> [Task details]: Search the material below for "Green" and copy every line where it occurs.

> [Task material]:
========

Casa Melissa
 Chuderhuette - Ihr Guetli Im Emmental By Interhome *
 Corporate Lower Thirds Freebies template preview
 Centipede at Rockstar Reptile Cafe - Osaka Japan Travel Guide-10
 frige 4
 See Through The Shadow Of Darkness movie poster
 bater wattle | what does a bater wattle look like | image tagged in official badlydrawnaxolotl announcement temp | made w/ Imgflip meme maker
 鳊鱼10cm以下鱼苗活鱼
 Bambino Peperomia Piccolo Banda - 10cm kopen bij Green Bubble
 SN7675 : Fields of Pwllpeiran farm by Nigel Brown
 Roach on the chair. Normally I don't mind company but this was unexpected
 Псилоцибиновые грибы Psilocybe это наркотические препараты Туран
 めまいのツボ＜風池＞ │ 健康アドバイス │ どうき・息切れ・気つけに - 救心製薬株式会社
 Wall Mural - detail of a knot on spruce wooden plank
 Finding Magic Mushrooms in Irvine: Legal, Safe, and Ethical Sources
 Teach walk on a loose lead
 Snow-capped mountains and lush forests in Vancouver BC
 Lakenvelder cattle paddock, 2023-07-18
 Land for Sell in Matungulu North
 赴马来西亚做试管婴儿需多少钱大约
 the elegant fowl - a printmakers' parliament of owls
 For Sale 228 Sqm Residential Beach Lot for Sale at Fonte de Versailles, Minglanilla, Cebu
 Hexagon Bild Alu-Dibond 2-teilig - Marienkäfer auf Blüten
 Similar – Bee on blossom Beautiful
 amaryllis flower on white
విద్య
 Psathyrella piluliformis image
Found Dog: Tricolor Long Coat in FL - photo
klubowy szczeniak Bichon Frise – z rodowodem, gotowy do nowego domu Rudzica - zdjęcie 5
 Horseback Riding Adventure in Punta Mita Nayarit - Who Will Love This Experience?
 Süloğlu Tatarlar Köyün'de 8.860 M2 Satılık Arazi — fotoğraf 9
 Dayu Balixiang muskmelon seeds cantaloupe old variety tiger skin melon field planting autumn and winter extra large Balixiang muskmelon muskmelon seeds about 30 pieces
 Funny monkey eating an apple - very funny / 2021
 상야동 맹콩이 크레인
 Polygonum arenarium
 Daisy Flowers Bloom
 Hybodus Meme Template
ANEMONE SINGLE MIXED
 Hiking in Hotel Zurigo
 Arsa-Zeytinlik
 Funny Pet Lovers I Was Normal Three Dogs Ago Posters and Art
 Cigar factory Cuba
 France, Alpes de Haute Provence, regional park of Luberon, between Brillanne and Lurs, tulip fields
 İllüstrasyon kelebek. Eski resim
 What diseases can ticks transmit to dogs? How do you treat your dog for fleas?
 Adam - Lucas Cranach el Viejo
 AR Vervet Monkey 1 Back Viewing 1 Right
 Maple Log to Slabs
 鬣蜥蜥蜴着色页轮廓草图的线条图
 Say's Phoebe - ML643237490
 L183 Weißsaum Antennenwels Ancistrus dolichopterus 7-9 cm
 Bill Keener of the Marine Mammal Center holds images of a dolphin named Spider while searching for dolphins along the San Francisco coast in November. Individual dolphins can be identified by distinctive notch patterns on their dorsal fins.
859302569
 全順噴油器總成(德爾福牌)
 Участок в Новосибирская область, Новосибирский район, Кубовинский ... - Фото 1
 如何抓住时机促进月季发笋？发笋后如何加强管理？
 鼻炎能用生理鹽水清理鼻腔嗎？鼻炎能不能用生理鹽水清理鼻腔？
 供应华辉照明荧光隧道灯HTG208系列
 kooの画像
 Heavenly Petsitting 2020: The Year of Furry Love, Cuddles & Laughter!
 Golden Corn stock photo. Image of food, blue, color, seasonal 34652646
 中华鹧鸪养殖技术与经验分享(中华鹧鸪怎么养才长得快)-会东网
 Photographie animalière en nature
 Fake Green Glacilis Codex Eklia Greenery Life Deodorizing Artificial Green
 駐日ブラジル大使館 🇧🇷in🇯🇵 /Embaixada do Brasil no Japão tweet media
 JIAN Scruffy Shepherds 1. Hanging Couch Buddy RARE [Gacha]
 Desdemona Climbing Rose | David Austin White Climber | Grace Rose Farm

========

> [Solution for this problem]:
 Bambino Peperomia Piccolo Banda - 10cm kopen bij Green Bubble
 Fake Green Glacilis Codex Eklia Greenery Life Deodorizing Artificial Green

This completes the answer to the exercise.